Existia ao tempo desta acquisição o regimen do monopolio do tabaco, e os antigos contratadores tinham forçosamente de vender a machina e os generos aos reclamantes, se os não quizessem inutilisar ou exporta-los.

N'estas circumstancias venderam a machina e accessorios por menos de metade do seu custo.

Hoje porém que se vae inaugurar o systema da liberdade, a machina tem mais subido valor, porque póde ser applicada por qualquer ao fabrico do tabaco.

Nesse tempo os tabacos valiam muito menos do que hoje em todos os mercados do mundo, porque é bem sabida a influencia que no preço deste genero tem tido a guerra dos Estados Unidos.

N'essa epocha os arrematantes, findo o seu contrato, tinham só os reclamantes por compradores dos generos que lhes sobejavam, se os não quizessem exportar; hoje têem diante de si, alem do direito de 03 exportar, a liberdade que lhes abre um vasto mercado aos seus tabacos, que por velhos mais valor têem.

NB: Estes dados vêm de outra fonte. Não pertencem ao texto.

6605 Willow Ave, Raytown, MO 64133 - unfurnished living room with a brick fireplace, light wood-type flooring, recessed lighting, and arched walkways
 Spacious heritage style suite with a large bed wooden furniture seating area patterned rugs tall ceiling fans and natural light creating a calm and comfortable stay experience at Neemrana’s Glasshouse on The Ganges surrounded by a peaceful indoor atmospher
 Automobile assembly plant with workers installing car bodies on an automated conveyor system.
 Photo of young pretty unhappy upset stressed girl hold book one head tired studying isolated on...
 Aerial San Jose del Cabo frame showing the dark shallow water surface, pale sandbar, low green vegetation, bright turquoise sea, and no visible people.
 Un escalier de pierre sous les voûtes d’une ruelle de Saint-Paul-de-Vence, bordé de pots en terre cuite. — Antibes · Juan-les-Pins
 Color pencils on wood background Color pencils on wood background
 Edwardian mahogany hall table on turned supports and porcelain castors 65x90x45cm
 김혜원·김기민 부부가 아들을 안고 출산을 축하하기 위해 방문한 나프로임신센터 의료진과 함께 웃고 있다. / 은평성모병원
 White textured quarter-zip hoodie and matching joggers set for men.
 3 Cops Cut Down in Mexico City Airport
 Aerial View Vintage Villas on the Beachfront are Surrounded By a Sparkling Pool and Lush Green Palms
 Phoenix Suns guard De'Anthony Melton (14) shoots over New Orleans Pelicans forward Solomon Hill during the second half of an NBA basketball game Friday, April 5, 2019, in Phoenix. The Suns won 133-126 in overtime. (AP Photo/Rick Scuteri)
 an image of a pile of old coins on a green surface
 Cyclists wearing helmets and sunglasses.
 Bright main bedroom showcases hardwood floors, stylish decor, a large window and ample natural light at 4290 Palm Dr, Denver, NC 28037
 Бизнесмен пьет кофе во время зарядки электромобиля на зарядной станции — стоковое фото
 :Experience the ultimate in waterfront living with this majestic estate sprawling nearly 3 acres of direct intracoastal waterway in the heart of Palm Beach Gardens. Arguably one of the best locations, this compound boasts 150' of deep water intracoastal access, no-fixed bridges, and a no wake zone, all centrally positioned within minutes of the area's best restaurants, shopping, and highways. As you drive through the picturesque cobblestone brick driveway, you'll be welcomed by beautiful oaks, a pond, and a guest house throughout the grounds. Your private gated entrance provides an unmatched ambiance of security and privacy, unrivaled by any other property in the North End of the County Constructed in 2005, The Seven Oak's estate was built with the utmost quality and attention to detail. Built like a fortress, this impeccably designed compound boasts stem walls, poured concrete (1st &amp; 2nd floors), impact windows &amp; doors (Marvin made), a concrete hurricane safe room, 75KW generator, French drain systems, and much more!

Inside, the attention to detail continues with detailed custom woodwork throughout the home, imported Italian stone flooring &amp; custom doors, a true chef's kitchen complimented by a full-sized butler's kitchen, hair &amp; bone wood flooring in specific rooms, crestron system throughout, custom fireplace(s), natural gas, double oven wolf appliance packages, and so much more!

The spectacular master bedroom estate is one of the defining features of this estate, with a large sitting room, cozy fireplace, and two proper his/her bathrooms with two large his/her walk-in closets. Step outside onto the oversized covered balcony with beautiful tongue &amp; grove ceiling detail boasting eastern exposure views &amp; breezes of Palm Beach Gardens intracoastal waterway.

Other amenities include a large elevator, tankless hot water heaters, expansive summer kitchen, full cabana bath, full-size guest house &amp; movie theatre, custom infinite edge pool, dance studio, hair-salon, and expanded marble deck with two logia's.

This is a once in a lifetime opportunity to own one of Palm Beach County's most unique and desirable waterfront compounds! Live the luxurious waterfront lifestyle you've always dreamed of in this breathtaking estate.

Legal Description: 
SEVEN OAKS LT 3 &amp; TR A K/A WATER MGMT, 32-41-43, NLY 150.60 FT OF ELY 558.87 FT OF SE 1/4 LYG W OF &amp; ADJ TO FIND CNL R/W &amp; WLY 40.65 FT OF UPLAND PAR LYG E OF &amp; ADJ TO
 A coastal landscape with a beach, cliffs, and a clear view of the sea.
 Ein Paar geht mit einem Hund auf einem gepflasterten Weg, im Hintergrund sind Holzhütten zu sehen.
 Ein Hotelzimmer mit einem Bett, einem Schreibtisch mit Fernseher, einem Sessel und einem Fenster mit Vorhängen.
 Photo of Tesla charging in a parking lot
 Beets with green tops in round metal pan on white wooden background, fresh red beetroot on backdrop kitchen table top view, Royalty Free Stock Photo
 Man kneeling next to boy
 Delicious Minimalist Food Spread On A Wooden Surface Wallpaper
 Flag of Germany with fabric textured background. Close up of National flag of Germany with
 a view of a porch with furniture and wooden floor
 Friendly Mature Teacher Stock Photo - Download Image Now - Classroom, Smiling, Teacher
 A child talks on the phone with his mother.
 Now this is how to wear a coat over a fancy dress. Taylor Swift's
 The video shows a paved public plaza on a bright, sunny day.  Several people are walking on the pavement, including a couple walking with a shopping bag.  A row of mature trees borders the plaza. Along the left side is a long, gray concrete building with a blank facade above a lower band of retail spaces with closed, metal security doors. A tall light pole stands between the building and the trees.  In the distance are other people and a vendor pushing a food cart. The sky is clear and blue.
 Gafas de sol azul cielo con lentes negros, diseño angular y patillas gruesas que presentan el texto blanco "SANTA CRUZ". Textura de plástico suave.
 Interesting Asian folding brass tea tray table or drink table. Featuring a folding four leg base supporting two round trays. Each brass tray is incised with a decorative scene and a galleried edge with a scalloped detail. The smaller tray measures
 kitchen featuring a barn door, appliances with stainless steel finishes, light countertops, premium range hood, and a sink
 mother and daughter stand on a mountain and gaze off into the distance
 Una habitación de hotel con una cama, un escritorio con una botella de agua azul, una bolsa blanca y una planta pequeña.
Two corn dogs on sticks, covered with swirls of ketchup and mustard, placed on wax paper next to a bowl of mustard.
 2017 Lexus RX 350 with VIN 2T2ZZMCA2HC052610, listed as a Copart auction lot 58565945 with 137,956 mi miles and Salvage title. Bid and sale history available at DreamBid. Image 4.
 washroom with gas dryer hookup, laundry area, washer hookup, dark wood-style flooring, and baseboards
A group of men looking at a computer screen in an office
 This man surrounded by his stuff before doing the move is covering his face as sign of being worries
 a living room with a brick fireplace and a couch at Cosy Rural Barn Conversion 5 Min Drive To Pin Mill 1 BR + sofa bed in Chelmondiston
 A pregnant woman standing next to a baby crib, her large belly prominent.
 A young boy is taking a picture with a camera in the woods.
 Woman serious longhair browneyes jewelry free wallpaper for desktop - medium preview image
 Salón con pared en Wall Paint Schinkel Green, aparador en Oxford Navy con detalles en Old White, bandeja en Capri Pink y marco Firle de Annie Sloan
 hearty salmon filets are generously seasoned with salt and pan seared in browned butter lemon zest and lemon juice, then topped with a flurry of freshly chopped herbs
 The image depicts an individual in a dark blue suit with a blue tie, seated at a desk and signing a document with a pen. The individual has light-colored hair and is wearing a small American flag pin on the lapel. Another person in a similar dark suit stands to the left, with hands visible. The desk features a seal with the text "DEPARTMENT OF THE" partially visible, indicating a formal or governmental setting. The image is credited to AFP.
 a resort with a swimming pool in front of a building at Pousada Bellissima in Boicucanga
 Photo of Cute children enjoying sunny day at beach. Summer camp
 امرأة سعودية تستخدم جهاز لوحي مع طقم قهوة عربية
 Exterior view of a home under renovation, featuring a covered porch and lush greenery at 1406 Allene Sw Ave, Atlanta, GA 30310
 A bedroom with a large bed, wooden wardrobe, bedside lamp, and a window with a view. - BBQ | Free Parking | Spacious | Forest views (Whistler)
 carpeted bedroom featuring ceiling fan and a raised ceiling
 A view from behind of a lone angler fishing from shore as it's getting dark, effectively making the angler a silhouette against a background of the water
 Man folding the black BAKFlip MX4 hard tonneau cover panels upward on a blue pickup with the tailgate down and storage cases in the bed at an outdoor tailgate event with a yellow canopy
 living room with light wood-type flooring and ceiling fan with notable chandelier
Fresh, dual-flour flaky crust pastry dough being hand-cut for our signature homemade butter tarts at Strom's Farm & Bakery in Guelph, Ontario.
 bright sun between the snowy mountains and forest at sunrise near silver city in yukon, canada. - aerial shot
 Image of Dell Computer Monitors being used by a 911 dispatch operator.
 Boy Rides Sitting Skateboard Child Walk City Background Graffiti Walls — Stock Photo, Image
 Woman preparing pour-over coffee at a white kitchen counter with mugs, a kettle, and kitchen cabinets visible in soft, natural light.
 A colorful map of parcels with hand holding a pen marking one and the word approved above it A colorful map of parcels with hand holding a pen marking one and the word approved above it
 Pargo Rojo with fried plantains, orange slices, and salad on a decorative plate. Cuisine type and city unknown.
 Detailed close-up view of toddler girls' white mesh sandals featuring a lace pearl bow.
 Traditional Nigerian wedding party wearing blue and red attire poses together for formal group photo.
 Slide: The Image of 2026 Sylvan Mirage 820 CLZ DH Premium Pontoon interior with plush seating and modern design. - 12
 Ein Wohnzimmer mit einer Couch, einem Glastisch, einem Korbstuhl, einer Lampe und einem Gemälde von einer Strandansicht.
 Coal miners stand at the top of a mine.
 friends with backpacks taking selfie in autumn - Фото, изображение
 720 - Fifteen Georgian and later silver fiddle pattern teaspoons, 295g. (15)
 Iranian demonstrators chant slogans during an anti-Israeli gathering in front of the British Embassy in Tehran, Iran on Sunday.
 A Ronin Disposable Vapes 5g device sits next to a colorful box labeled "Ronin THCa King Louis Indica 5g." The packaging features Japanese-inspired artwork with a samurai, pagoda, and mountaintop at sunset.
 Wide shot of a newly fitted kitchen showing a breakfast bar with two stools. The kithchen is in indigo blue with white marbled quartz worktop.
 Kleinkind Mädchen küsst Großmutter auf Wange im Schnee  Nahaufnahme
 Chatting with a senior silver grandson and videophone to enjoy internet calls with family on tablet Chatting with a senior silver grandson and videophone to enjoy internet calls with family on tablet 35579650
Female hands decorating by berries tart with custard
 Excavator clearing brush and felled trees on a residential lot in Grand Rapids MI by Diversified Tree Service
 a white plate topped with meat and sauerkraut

Assim no parecer, a indemnisação previa da carta é substituida por um deposito ou caução de muito menos valor, do que a propriedade que se pretende expropriar; de corte que os reclamantes são condemnados não só a soffrerem uma expropriação illegal, mas a serem privados do pagamento previo e proporcionado que a constituição lhe a garante.

Os reclamantes poderiam ponderar muitas outras rasões que não escaparão á alta sabedoria da camara, mas estão convencidos de que têem dito bastante, para que a camara dos dignos pares do reino se digne manter-lhes o seu indisputável direito de propriedade, pelo qual solemnemente protestam.

Lisboa, 20 de abril de 1864. = Antonio José de Andrade = Francisco José da Silva Torres = José Ribeiro da Cunha = Manuel Antonio de Seixas. = E R. M.ce

Secretaria da camara dos dignos pares do reino, em 20 de abril de 1864. — Diogo Augusto de Castro Constando.